What is required -
Using the records below, copy exactly the part that opens with the line holding "Sprężarka śrubowa CREEMERS" and closes with the line holding "Odd Molly Color", minus the pictures.

Excerpted data -

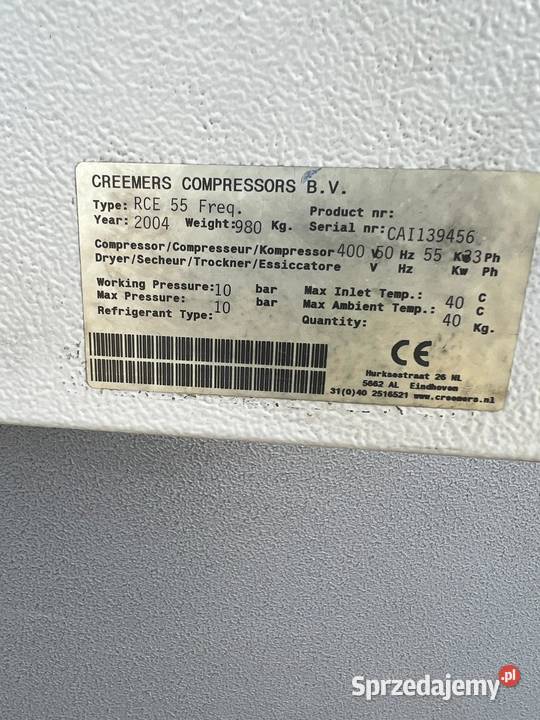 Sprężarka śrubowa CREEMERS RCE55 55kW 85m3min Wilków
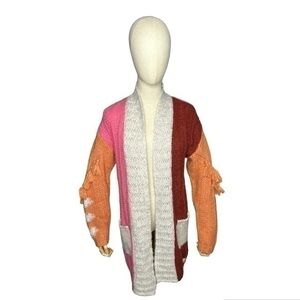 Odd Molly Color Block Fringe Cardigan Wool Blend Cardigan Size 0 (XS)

...

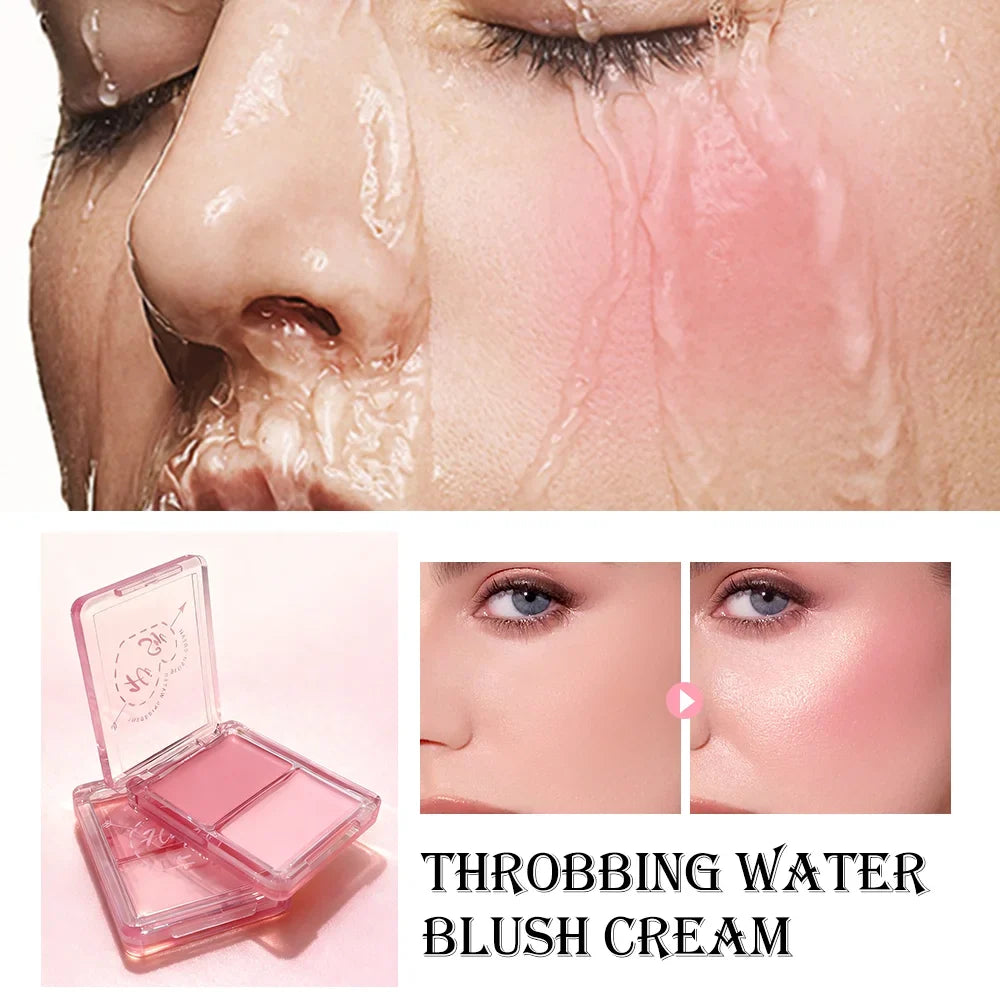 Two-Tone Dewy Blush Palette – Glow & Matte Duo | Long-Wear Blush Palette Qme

Result of this task -
 Sprężarka śrubowa CREEMERS RCE55 55kW 85m3min Wilków
 Odd Molly Color Block Fringe Cardigan Wool Blend Cardigan Size 0 (XS)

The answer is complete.